Images in the data are to be skipped, while every line is restated exactly as written.

==== Supplied data

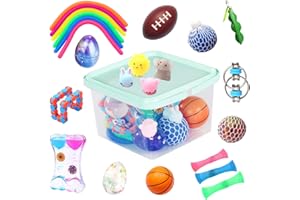 KINGYAO 24 Pack Fidget Toys for Adults with Liquid Motion Timer Mochi Squishy Stretchy String Flippy Chain Easter Egg Marble Mesh Squeeze Bean Stress Ball for Gift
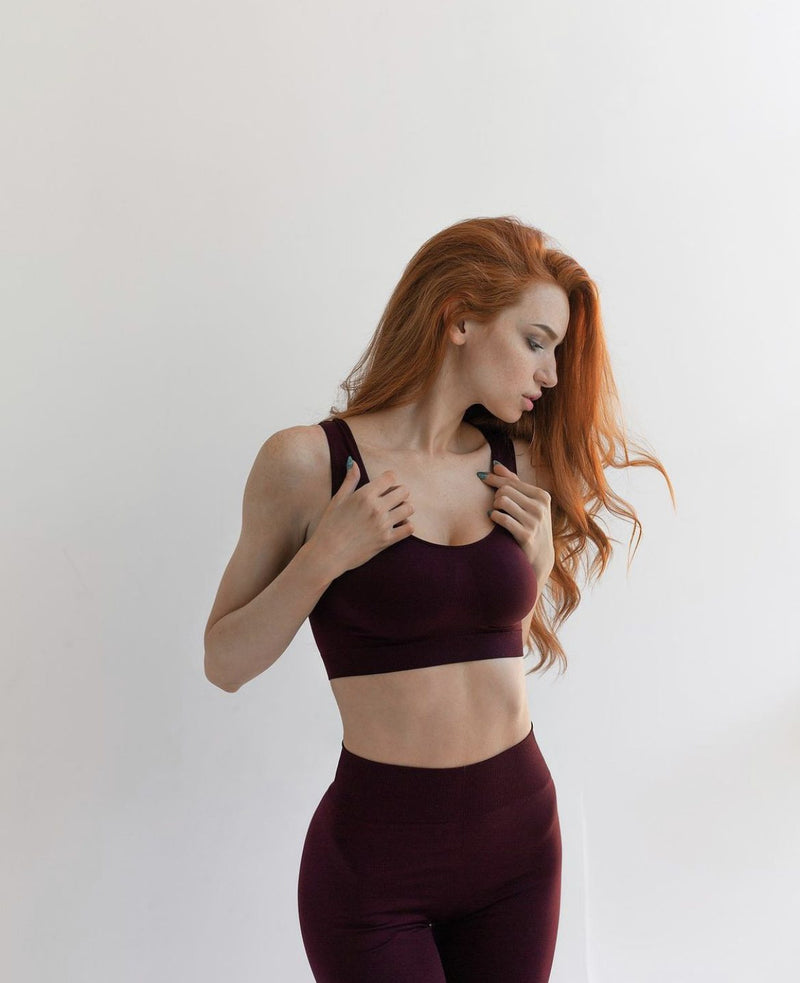 Wide strap top Bordeaux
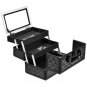 Beauty Cosmetic Makeup Case with Mirror & Extendable Trays
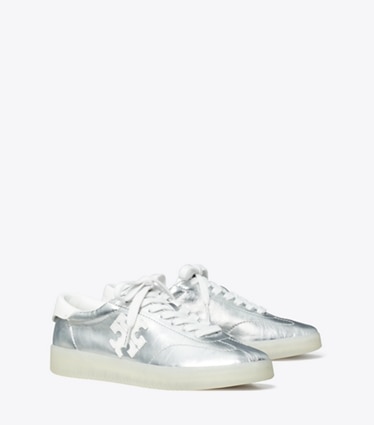 Tory Burch designer sneakers Phoenix Sneaker in SILVER / BIANCO / BIANCO angle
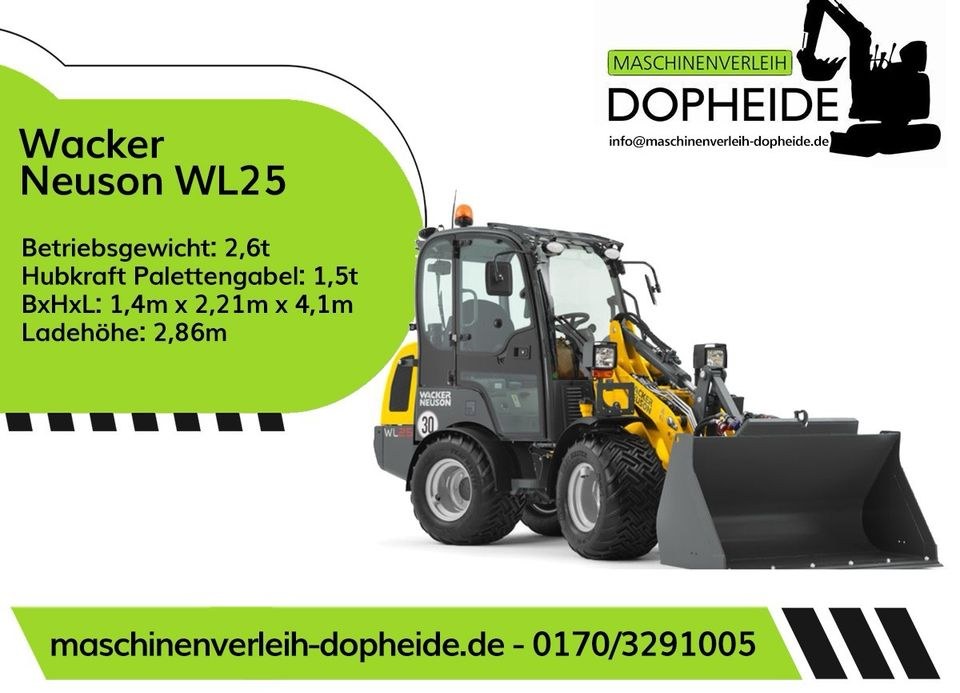 Radlader Wacker Neuson WL25 mieten bei Maschinenverleih Dopheide eGbR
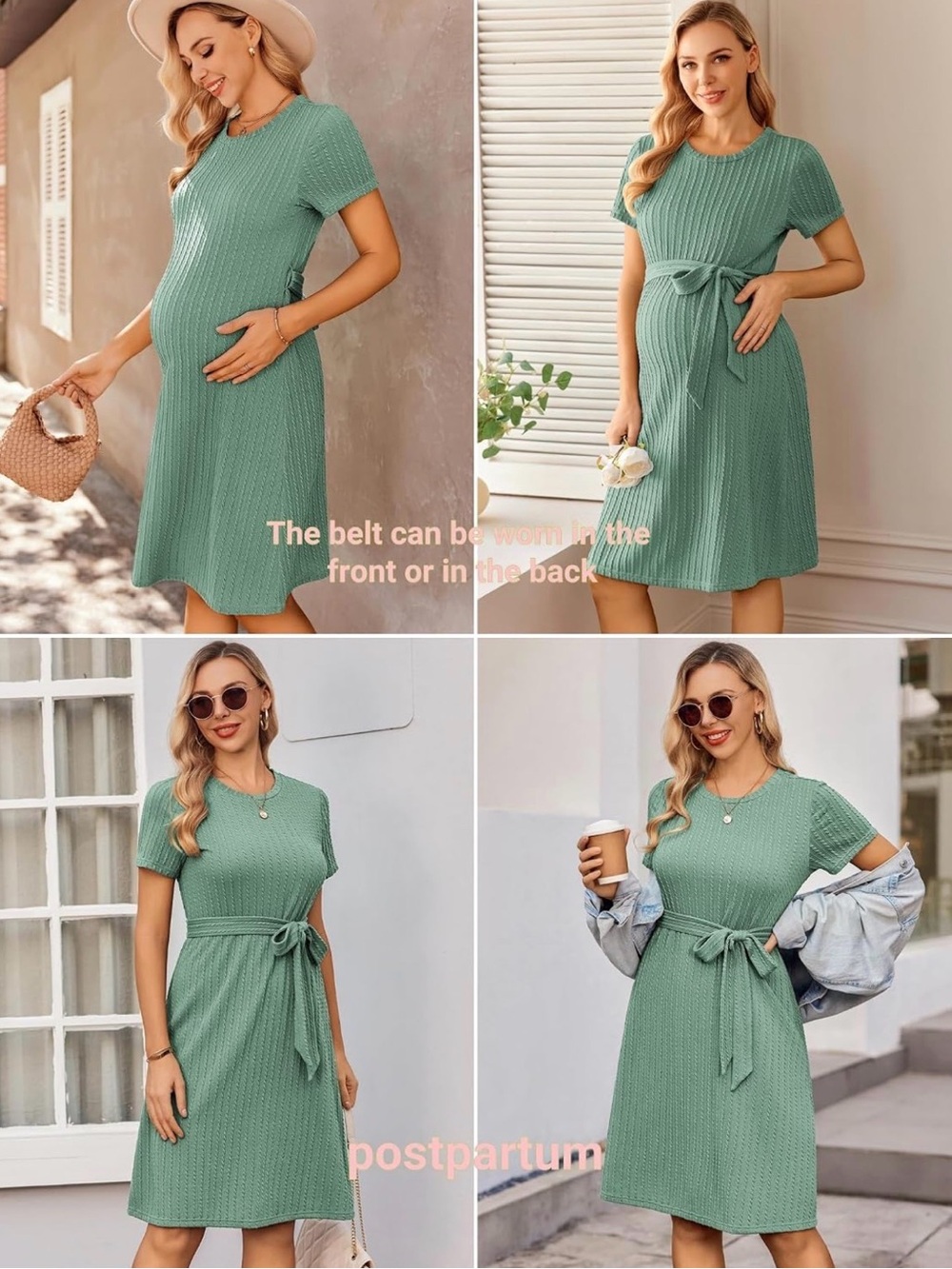 Maternity Belted Rib Knit Dress - Sage Green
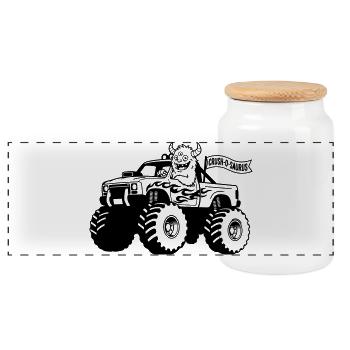 monster truck monster - Panoramic Cookie Jar with Wooden Lid - white - Front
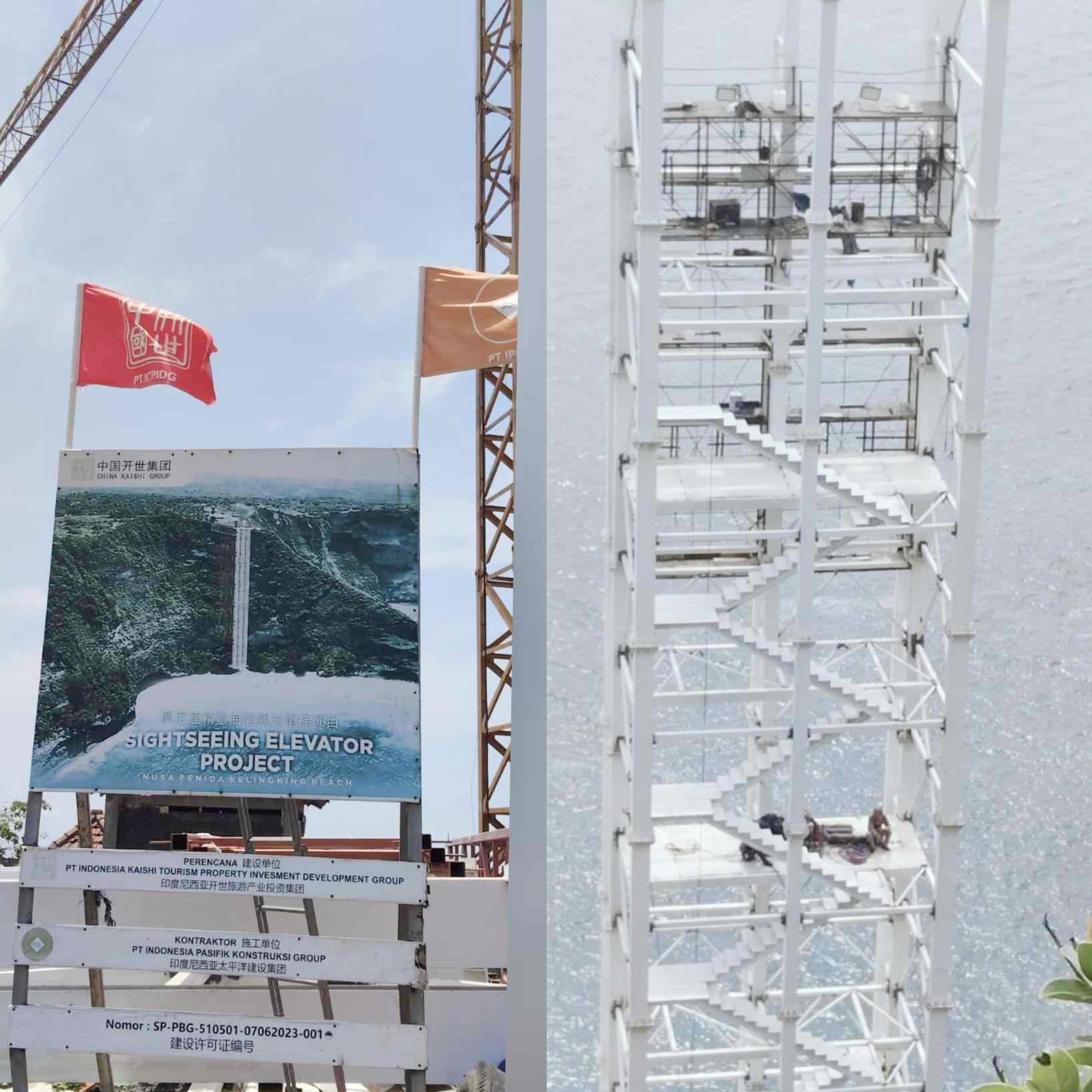 Proyek lift kaca setinggi 182 meter tampak menjulang di tebing ikonik Pantai Kelingking, Nusa Penida, Klungkung. Pembangunan yang melibatkan investor asal China ini menuai sorotan karena berdiri di kawasan wisata yang dikenal curam dan sensitif secara lingkungan. (Balihotnews/Ist)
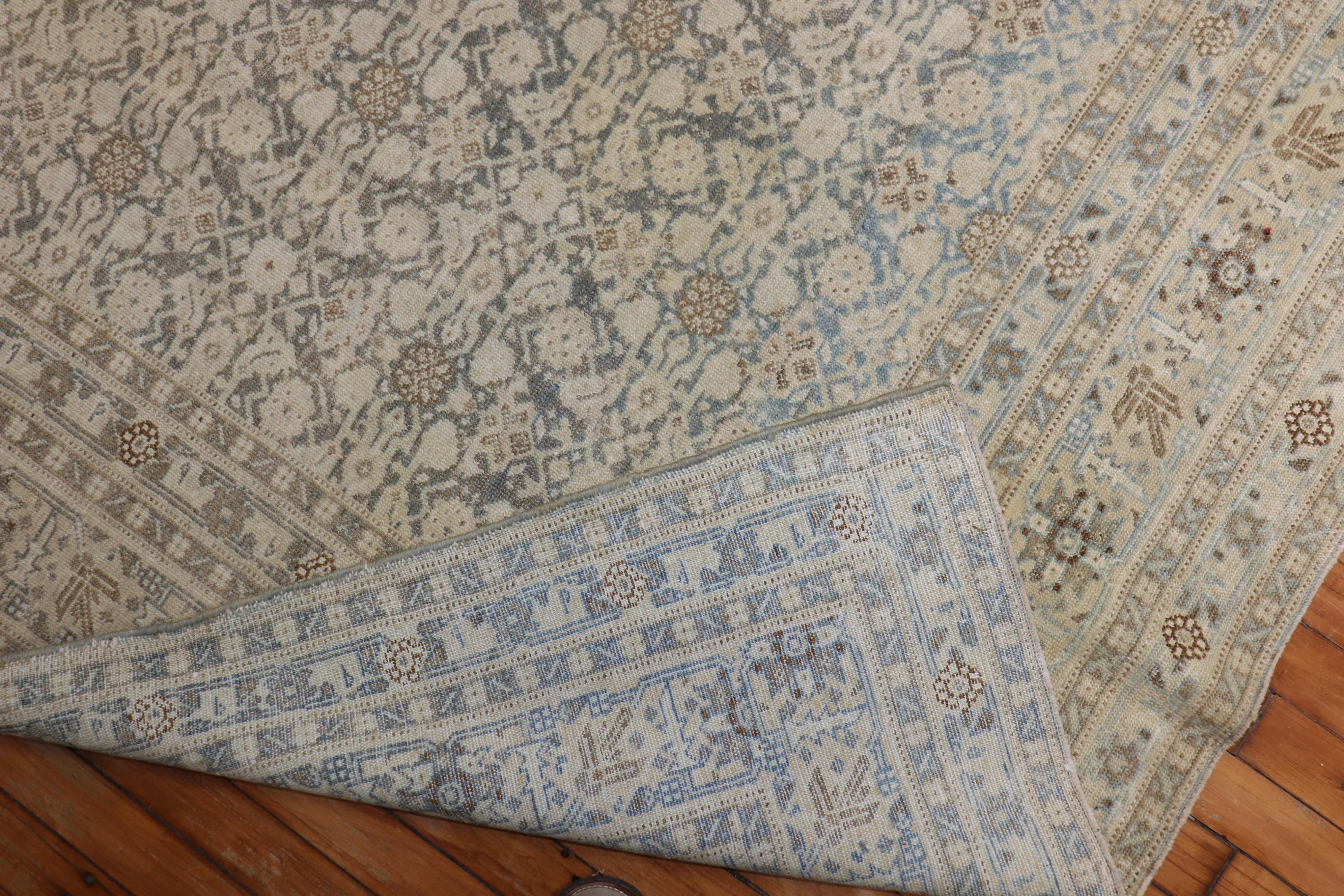 Antiker persischer Tabriz-Teppich in Anthrazit, Braun, Grün und Blau in Zimmergröße (Wolle) im Angebot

========

• [Answer below]
 KINGYAO 24 Pack Fidget Toys for Adults with Liquid Motion Timer Mochi Squishy Stretchy String Flippy Chain Easter Egg Marble Mesh Squeeze Bean Stress Ball for Gift
 Wide strap top Bordeaux
 Beauty Cosmetic Makeup Case with Mirror & Extendable Trays
 Tory Burch designer sneakers Phoenix Sneaker in SILVER / BIANCO / BIANCO angle
 Radlader Wacker Neuson WL25 mieten bei Maschinenverleih Dopheide eGbR
 Maternity Belted Rib Knit Dress - Sage Green
 monster truck monster - Panoramic Cookie Jar with Wooden Lid - white - Front
 Proyek lift kaca setinggi 182 meter tampak menjulang di tebing ikonik Pantai Kelingking, Nusa Penida, Klungkung. Pembangunan yang melibatkan investor asal China ini menuai sorotan karena berdiri di kawasan wisata yang dikenal curam dan sensitif secara lingkungan. (Balihotnews/Ist)
 Antiker persischer Tabriz-Teppich in Anthrazit, Braun, Grün und Blau in Zimmergröße (Wolle) im Angebot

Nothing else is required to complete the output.